Task goal ▸
Reproduce the line that holds "Mustard yellow backpack" together with all the lines after it up to the end of the entries.

Materials provided ▸
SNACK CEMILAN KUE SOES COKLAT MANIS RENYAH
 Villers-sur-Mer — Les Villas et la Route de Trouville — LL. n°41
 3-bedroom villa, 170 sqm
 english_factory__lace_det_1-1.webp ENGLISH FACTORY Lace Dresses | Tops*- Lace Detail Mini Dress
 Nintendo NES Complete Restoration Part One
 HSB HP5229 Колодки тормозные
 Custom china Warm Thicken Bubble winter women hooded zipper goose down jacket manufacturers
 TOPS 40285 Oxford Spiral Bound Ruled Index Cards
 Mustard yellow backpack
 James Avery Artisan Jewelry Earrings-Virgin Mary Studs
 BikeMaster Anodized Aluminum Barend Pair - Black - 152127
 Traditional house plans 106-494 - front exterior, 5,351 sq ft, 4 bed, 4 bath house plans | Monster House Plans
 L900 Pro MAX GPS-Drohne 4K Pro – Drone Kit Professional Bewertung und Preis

Result ▸
 Mustard yellow backpack
 James Avery Artisan Jewelry Earrings-Virgin Mary Studs
 BikeMaster Anodized Aluminum Barend Pair - Black - 152127
 Traditional house plans 106-494 - front exterior, 5,351 sq ft, 4 bed, 4 bath house plans | Monster House Plans
 L900 Pro MAX GPS-Drohne 4K Pro – Drone Kit Professional Bewertung und Preis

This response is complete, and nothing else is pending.